Diritto di ritenzione pattizio

Diritto di ritenzione pattizio

Secondo la pronuncia qui riportata, il diritto di ritenzione pattizio costituisce una forma di autotutela che attribuisce un diritto potestativo di ritenere il bene (nella specie, titoli obbligazionari) a una delle parti del regolamento contrattuale (nella specie, l’istituto bancario di cui era cliente l’intestatario dei titoli), avente efficacia meramente inter partes tra retentor (e non erga omnes, come erroneamente ritenuto dalla corte territoriale). Pertanto, “il diritto di ritenzione pattizio non attribuisce al detentore alcun effetto di blocco della circolazione del bene”, né “alcuno impedimento rispetto ad un’azione esecutiva esercitata da un terzo creditore”. Al retentor risulta altresì preclusa la vendita diretta del bene oggetto del proprio diritto (nel senso che integra il reato di appropriazione indebita la condotta del titolare di un diritto di ritenzione che venda i beni oggetto del privilegio senza rispettare le formalità per la vendita del pegno, così violando l’art. 2756, 3° comma c.c., v. Cass. 17 maggio 2001-5 luglio 2001, n. 27356, ForoPlus).

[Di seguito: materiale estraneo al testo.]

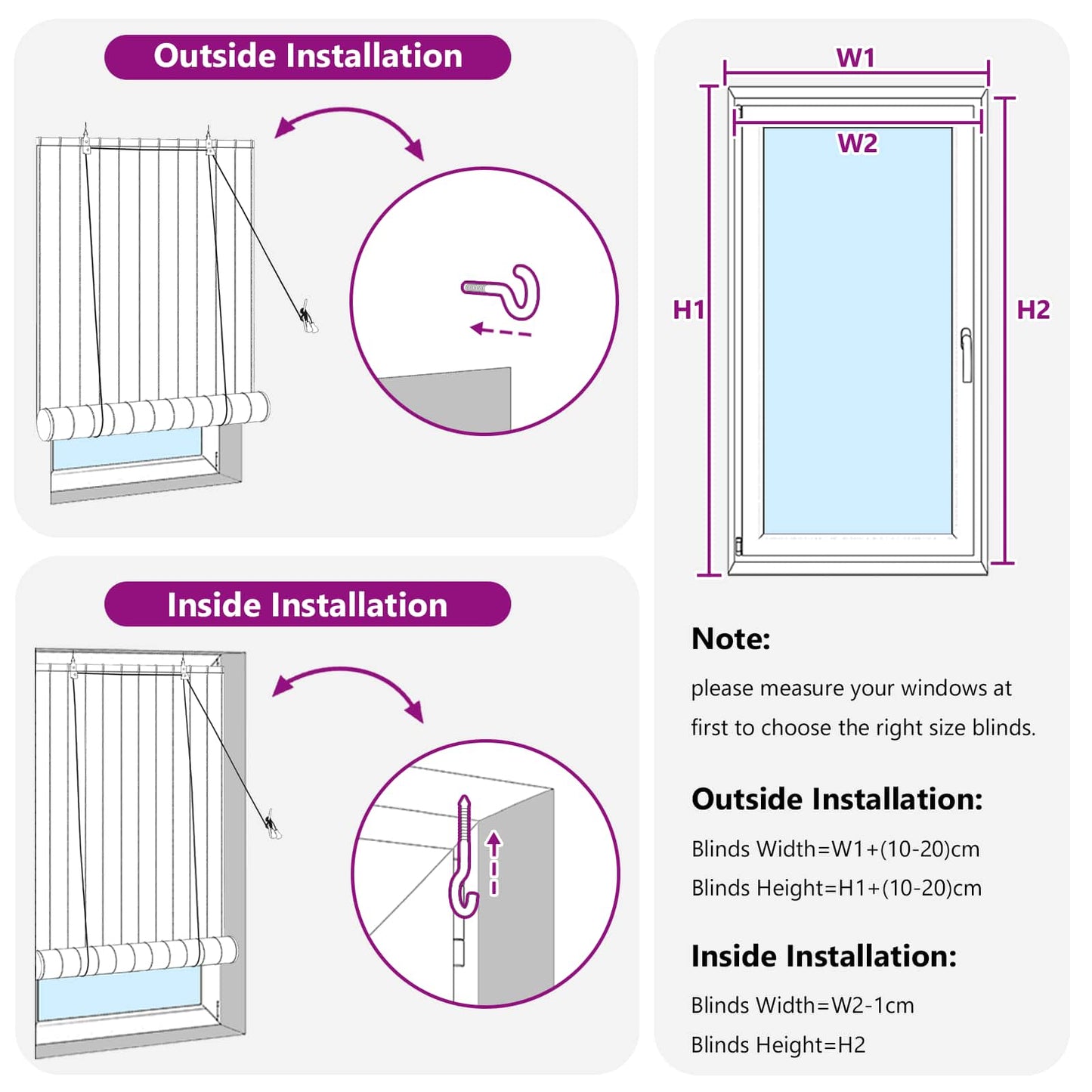 Rolgordijn Naturel 50 x 220 cm Bamboe is nu te koop bij PeponiXL, paradijselijk wonen!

Dal conto proprio, il Collegio di coordinamento dell’Arbitro bancario finanziario ha considerato nulla la clausola che attribuisce alla banca il jus vendendi dei titoli presso le medesima depositati in collegamento con il diritto di ritenzione. Alla luce di quanto statuito in ordine al diritto di ritenzione pattizio, la Suprema corte ha cassato la pronuncia di merito che aveva respinto la domanda risarcitoria spiegata nei confronti della banca depositaria dei titoli da parte di un creditore del relativo intestatario, il quale si doleva del pregiudizio scaturito dal fatto che la banca, proprio facendo leva sul diritto di ritenzione, aveva venduto detti titoli (circostanza che il creditore aveva appreso dalla dichiarazione negativa dalla medesima rilasciata nel corso della procedura esecutiva presso terzi che egli aveva promosso in virtù di decreto ingiuntivo non opposto dal debitore).